Once the line with "Apartament w Finestrat, Alicante, Hiszpania" has been located in the records below, set down that line and all subsequent lines exactly, omitting the pictures.

[Stored items from a collection]
___

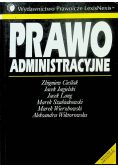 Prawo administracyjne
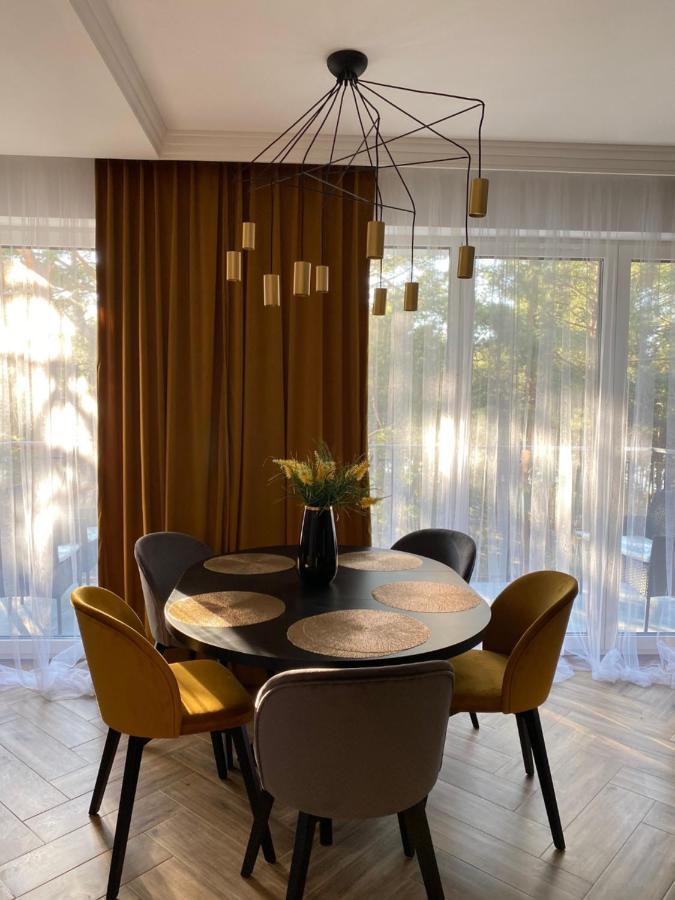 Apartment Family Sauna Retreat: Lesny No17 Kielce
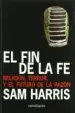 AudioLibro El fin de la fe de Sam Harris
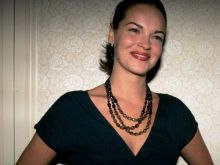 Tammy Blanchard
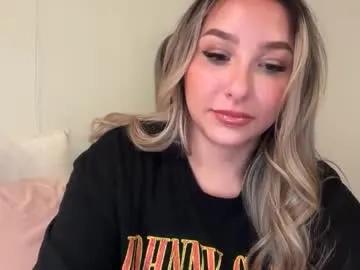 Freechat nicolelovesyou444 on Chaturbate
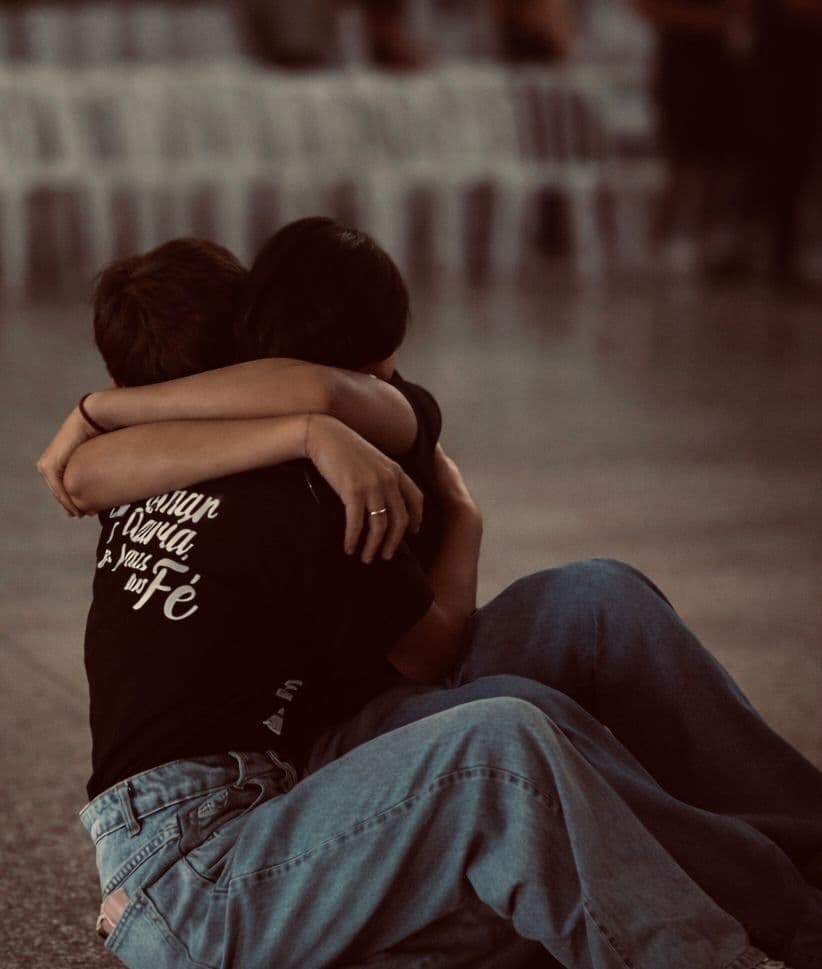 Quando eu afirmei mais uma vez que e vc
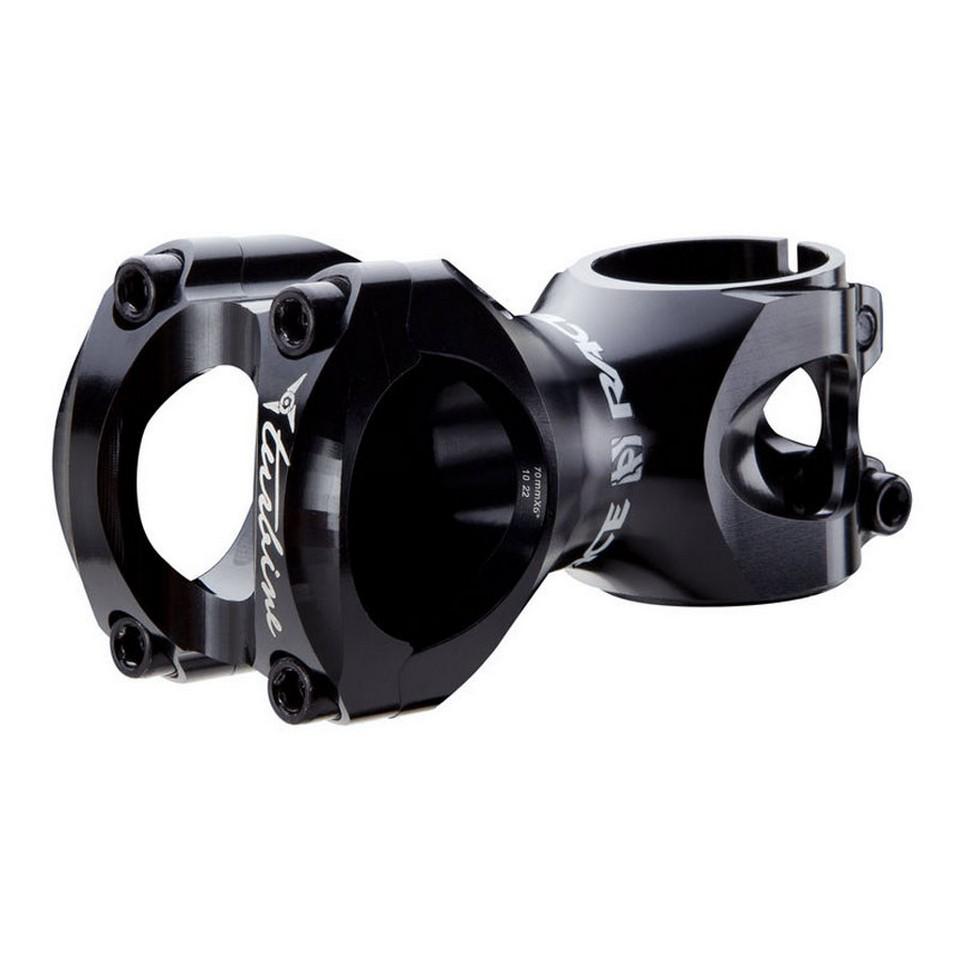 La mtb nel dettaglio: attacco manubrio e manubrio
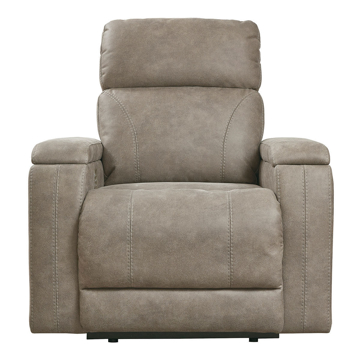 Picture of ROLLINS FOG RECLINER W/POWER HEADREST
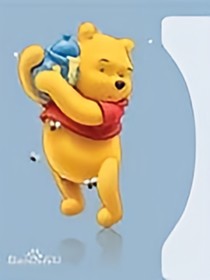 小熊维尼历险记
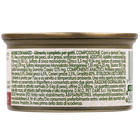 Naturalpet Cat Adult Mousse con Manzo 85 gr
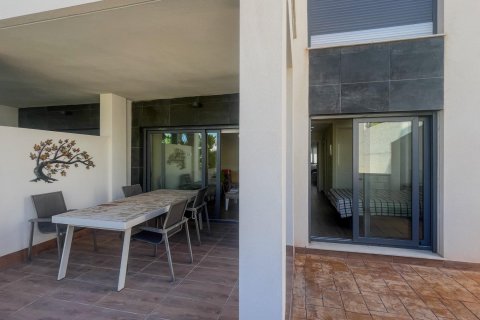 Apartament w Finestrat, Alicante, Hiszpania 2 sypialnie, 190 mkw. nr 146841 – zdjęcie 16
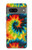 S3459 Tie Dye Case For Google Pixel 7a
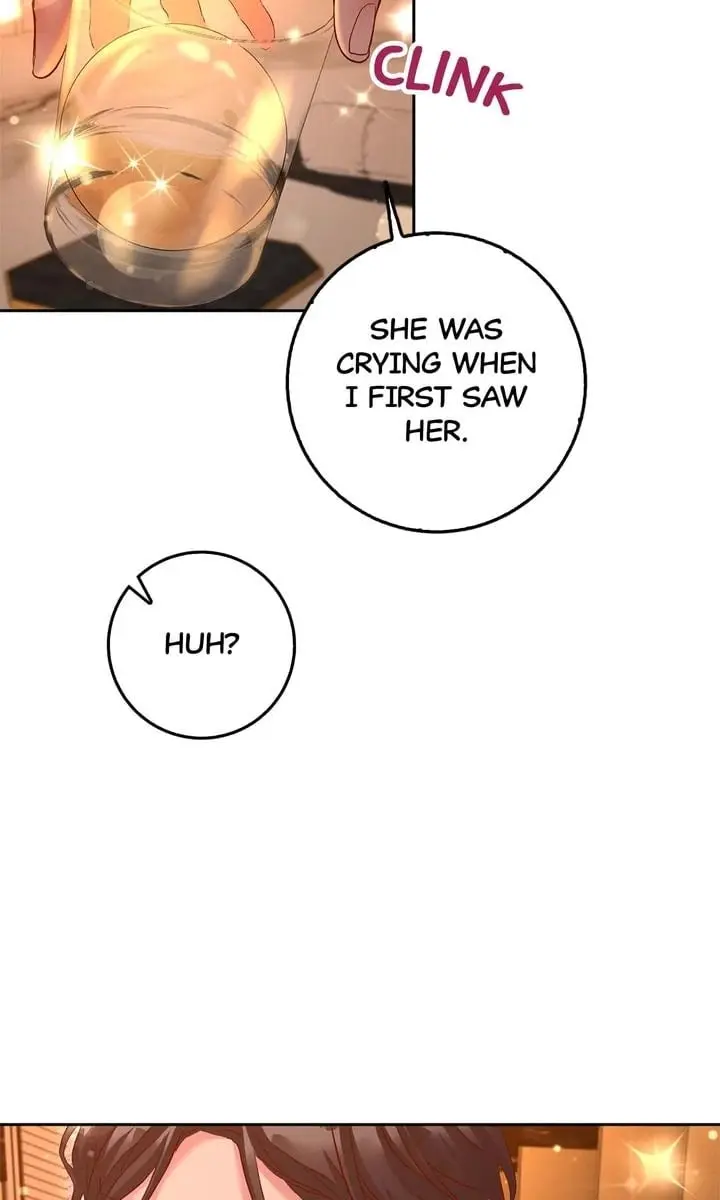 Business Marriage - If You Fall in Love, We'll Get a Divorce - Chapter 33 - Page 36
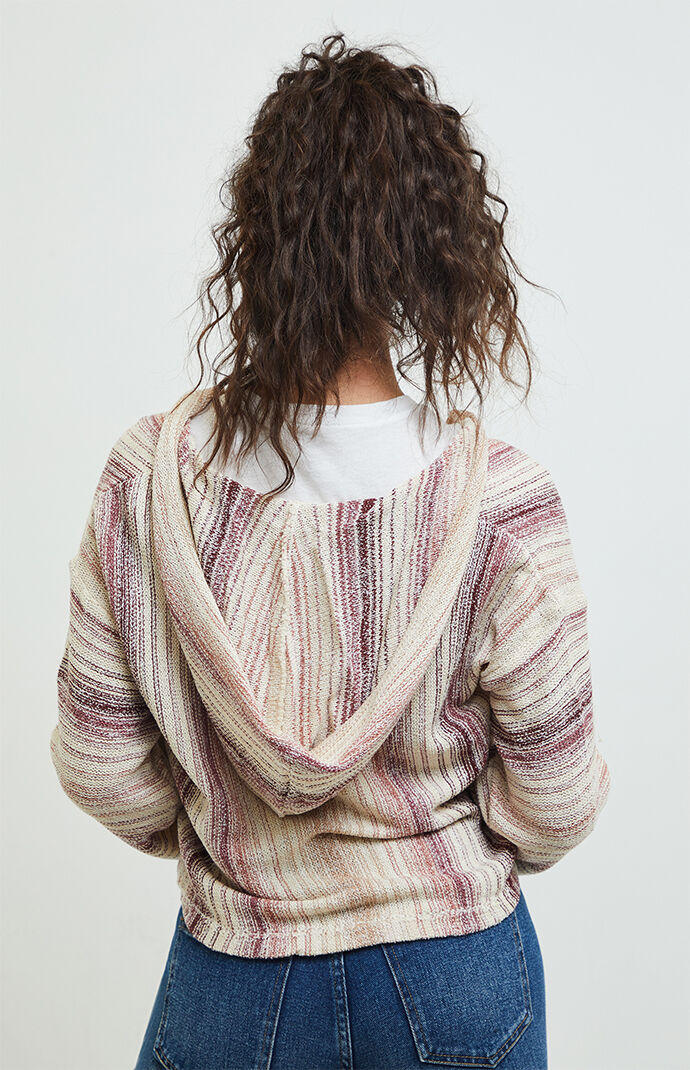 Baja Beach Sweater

___

Exercise answer
 Apartament w Finestrat, Alicante, Hiszpania 2 sypialnie, 190 mkw. nr 146841 – zdjęcie 16
 S3459 Tie Dye Case For Google Pixel 7a
 Business Marriage - If You Fall in Love, We'll Get a Divorce - Chapter 33 - Page 36
 Baja Beach Sweater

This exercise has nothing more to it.